In this project, we are investigating a series of complex smart
camera algorithms and applications, specifically, human gesture recognition; self-calibration of the
distributed camera network; detection, tracking and fusion of trajectories using distributed cameras;
view synthesis using image based visual hulls; gait-based human recognition; and human activity analysis.
Through analysis of these applications, we are exploring domain-specific programming models
and software synthesis techniques to automate their translation into efficient implementations. By
translating domain-specific, formal models of distributed signal processing systems into streamlined
procedural language (e.g., C) implementations, these synthesis techniques are complementary
to the growing body of work on embedded processor code generation
techniques.
This research leads to new embedded architectures for distributed
smart camera networks, and to video processing algorithms that are tailored to the opportunities and
constraints associated with these architectures. The research also leads to a better understanding of
relationships among distributed signal processing, embedded multiprocessors, and low power/low latency
operation, and develops synthesis tools that use this understanding to help automate the implementation
of smart camera applications.
Our research program poses challenges in video analysis algorithms,
embedded system architecture, and synthesis tools for embedded systems.
Performing recognition across multiple cameras requires fusing data at
appropriate point in the processing chain in order to create a model of the scene in world coordinates rather
than camera coordinates. We cannot assume that we can mosaic several images into a single image and
then use traditional methods. For example, we use multiple cameras to avoid occlusion, with different
cameras providing different views of the subject. A mosaicked view would not adequately
capture the relationships between mutually-occluding elements.

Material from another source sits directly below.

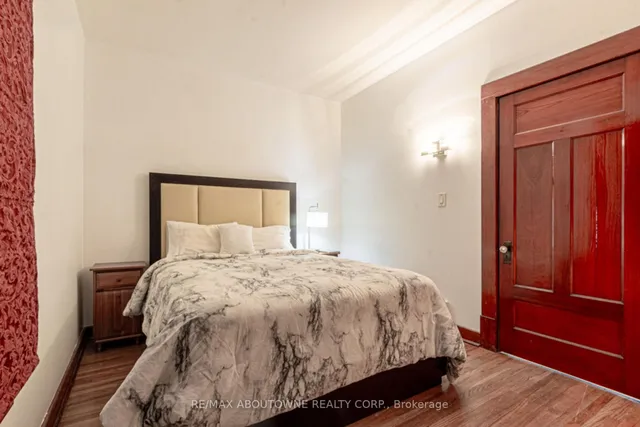 Additional image 25 of 27 Fairview Ave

In addition, these video algorithms must run in real time and with low
latency. Not only must the video algorithms be able to run at high frame rates, they must also provide their
results with relatively low latency. Distributed smart cameras will be used in many closed-loop applications;
excessive processing delay will make it difficult to use the analysis results to control other
actions.
Distributed smart cameras pose several challenges for embedded system
architectures. Smart cameras process large volumes of data and perform a great deal of computation on that
data. The distributed system architecture must be designed to put appropriate amounts of computation
at the proper spots in the processing pipeline; the network must be designed to handle realtime
requirements. The entire system must also be architected to minimize power consumption—
excessive power consumption will cause nodes to run too hot, increasing installation and maintenance
costs.
Tools that help designers map applications onto distributed embedded
systems are critical to the long-term viability of this approach. The programming models aspect of this work
seeks to develop software synthesis and model-based design technology for video processing applications.

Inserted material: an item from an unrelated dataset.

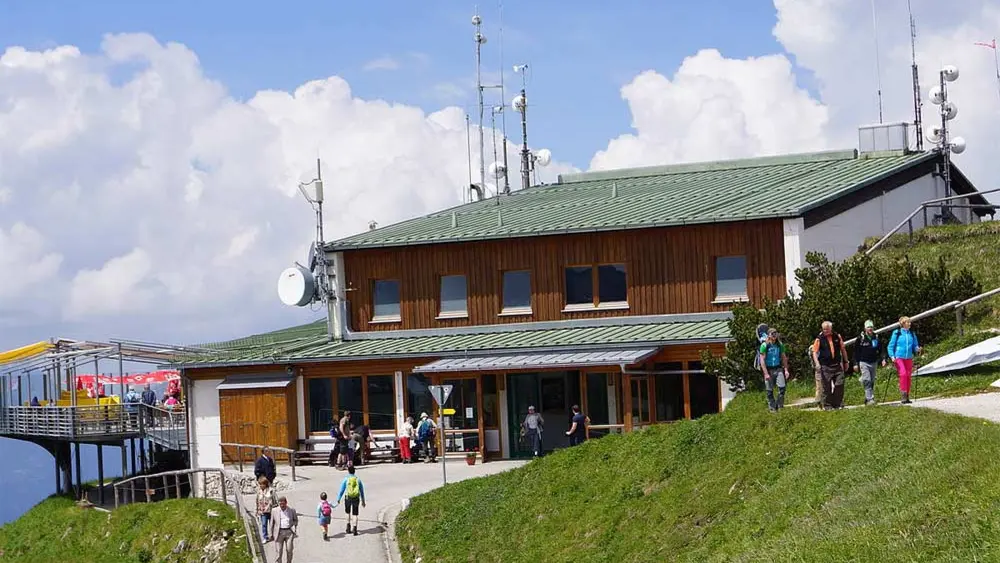 Blick auf die Bergstation der Tegelbergbahn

Distributed systems are complex heterogeneous systems that are much harder to program than are
the workstations or PCs traditionally used in video research. Because multiple applications can be
run on a single distributed system, developing tools for a distributed smart camera will allow us to
use the same architecture for many video applications. Tools will also be portable to other distributed
signal processing domains.
Tools and model-based design also provide high-confidence implementations
in the face of complex algorithms that must meet multiple implementation goals (throughput, latency, power
consumption). Model-based design refers to the design of applications using components that
have well-defined behavior and interact through well-defined models of computation. By software
synthesis, we mean the automated derivation of software implementations (e.g., C programs)
from model-based representations. Model-based design is used widely for algorithm
development and simulation of one-dimensional signal processing applications, such as those
used in speech/audio processing and wireless communication. However, its use for software synthesis
and video applications is limited by the expressive power of existing model-based DSP
design tools. Such design tools do not adequately support control flow and multidimensional DSP
operations. As a result, engineers are typically forced to use model-based design tools for early,
subsystem-level algorithm exploration, and then manually develop and integrate the subsystemlevel
implementations for the final production code. This leads to inconsistencies between the
model-based specifications and the production code, which is error-prone and negates useful
properties, such as bounded memory, deadlock avoidance, and local synchrony qualities, that are
offered by the model-based specifications.